Chrkeller said:
Small time vendors? Lol, you are a funny guy. Nvidia doesn't want to sell their chips. Got it, totally makes sense. Running FF and running it like the ps5 are not the same thing. 1620p at 60 fps is what the ps5 does. Time will tell. But I'm glad we have a logical answer as to why nobody is using the worlds most revolutionary chips that will change gaming, Nvidia doesn't want to sell them. |
Nvidia doesn't do what AMD does which is just gift out their chips for dirt cheap. This is why the first XBox was discontinued (basically) actually because Nvidia refused to cut the price on the GPU as MS was eating large losses to keep dropping the price of the system. So they switched to the XBox 360 with an AMD GPU.

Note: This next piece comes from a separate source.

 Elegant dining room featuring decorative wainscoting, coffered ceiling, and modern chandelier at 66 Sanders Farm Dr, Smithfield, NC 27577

Same thing with PS3, Sony added the Nvidia GPU late in the design process, but then they dumped them for AMD for the PS4 because AMD is cheaper.
Nvidia won't sacrifice what they feel they should get per chip, they were fine with Sony and MS going elsewhere.
Nintendo may be getting favorable pricing only because the Tegra line of processors outside of the Switch has turned into a dud for them basically, so the business they get from Nintendo basically fills a void for them. Even for self driving cars, like there's not a ton that use Nvidia's technology yet.
PS5 runs FF7R I at 30 fps, 4K resolution in the graphics enhanced mode, which is what I'm assuming the Switch 2 port is probably running at too. My laptop runs FF7R Integrade at 55-60 fps at 4k resolution too, lol, the PS5 is somewhat a middling chipset, there's nothing that magical about it that you need to elevate it onto this massive pedestal.
Sony has to release a PS5 Pro just to get proper 4K + some ray tracing because the current system doesn't manage it.
The fact is graphics today are different too, graphics effects that may seem "little" like a small amount of mist added to a scene actually tanks performance hard because volumetric fog adds a ton of stress to the GPU. Moderate real-time ray tracing reflections can cripple a PS5 even if its running a game like Xenoblade 3 very easily if you ramp up the real-time lighting.
You can understand this if you use a 3D graphics program like Blender and just build a simple, even low poly scene with a few characters and simple background, something that even a current Switch or XBox 360 should run easily. But once you switch to Cycles rendering (which is realistically accounted for lighting and shadows) and then if you dare add volumetric fog ... that is going to cripple even a 3090 GPU if you try to run it in real-time, the frame rate will tank to like 2-5 frames per second. And the thing it's like the scene looks 50x better when you switch to Cycles either in all cases, it may look almost the same.